In that case, as GROMACS uses probably similar approach to hwloc (I
assume) - cpuid to get package/core ID to get hardware thread layout
mapping to OS CPU id-s -, a fix will probably require either
- detecting a Numascale system, disabling pinning, and leaving it for
the user or
- implementing a special case for Numascale with hard-coded OS CPU id
to hardware thread mapping (which is probably just linear 1-1).

>
>
>> Cheers,
>> --
>> Szilárd
>>
>>>
>>> [1] http://numascale.com/numa_access.php
>>>
>>> Szilárd Páll писал 19-09-2013 21:53:
>>>
>>>> Hi,
>>>>
>>>> I would like to get feedback on an issue (or more precisely a set of
>>>> issues) related to thread/process affinities and
>>>> i) the way we should (or should not) tweak the current behavior and
>>>> ii) the way we should proceed in the future.
>>>>
>>>>
>>>> Brief introduction, skip this if you are familiar with the
>>>> implementation details:
>>>> Currently, mdrun always sets per-thread affinity if the number of
>>>> threads is equal to the number of "CPUs" detected (reported by the OS
>>>> ~ number of hardware threads supported).
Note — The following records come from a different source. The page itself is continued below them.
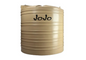 10000LT JOJO LOW PROFILE WATER TANK WINTERGRASS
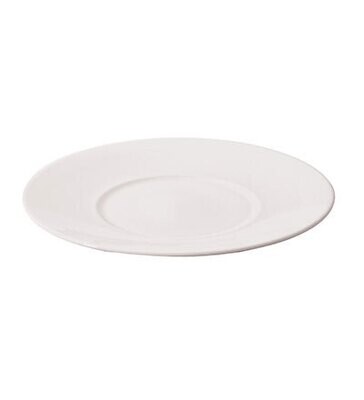 Gourmet Main Course Plate - 32cm (12)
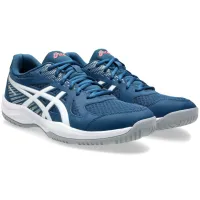 Кроссовки Мужские для зала ASICS UPCOURT 6 (1071A104 402)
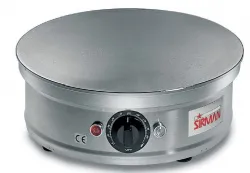 Блинница Sirman Round Crepes Grill – купить в Краснодаре с доставкой Купить блинница sirman round crepes grill в Краснодаре – цена завода, доставка до двери | RuOborudovanie.ru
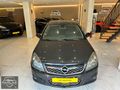 SET MOTORS OPEL VECTRA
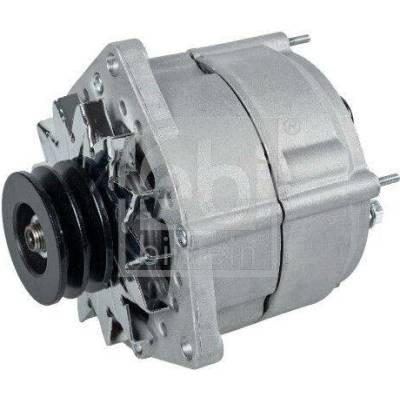 generátor FEBI BILSTEIN 48938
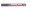 Edding Whiteboardmarker 250 violett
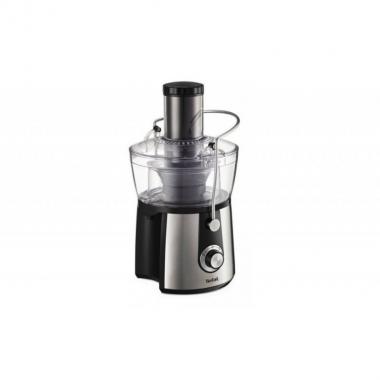 Tefal ZE550D38 JUICE EXPRESS
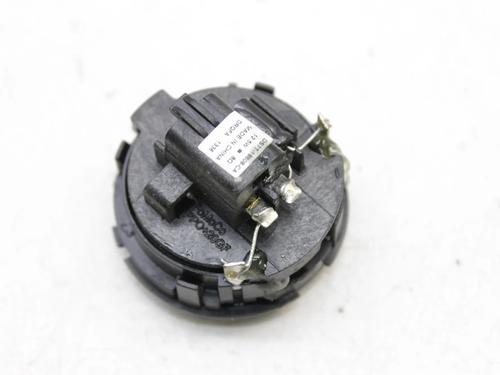Speaker FORD GALAXY III (CK) 2.0 TDCi | BP39850929E2 - Image 2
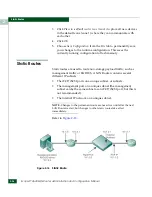 Preview for 60 page of McDATA Eclipse 2640 SAN Administration And Configuration Manual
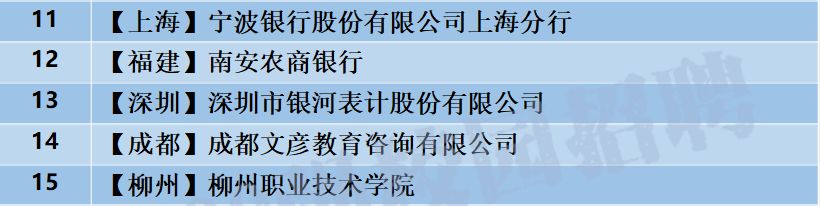 北京浪潮校园招聘,校园招聘浪潮集团2023届校园招聘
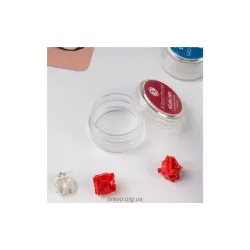 Смазка за механични превключватели Keychron (KLUBE105_KEYCHRON) Смазка за механични превключватели Keychron (KLUBE105_KEYCHRON)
However, if this is not the
>>>> case, e.g. one wants to leave some cores empty (run multiple
>>>> simulations per node) or avoid using HT, thread pinning will not be
>>>> done. This can have quite harsh consequences on the performance -
>>>> especially when OpenMP parallelization is used (most notably with
>>>> GPUs).
>>>> Additionally, we try hard to not override externally set affinities
>>>> which means that if mdrun detects non-default affinity, it will not
>>>> pin threads (not even if -pin on is used). This happens if the job
>>>> scheduler sets the affinity, or if the user sets it e.g. with
>>>> KMP_AFFINITY/GOMP_CPU_AFFINITY, taskset, etc., but even if the MPI
>>>> implementation sets only its thread's affinity.
>>>>
>>>>
>>>> On the one hand, there was a request (see
>>>> http://redmine.gromacs.org/issues/1122) that we should allow forcing
>>>> the affinity setting by mdrun either by "-pin on" acquiring more
>>>> aggressive behavior or using a "-pin force" option. Please check out
>>>> the discussion on the issue page and express your opinion on whether
>>>> you agree/which behavior you support.
>>>>
>>>>
>>>> On the other hand, more generally, I would like to get feedback on
>>>> what people's experience is with affinity setting. I'll just list a
>>>> few aspects of this issue that should be considered, but feel free to
>>>> raise other issues:
>>>> - per-process vs per-thread affinity;
>>>> - affinity set by or required (for optimal performance)
>>>> MPI/communication software stack;
>>>> - GPU/accelerator NUMA aspects;
>>>> - hwloc;
>>>> - leaving a core empty, for interrupts (AMD/Cray?), MPI, NIC or GPU
>>>> driver thread.
>>>>
>>>> Note that this part of the discussion is aimed more at the behavior of
>>>> mdrun in the future. This is especially relevant as the next major (?)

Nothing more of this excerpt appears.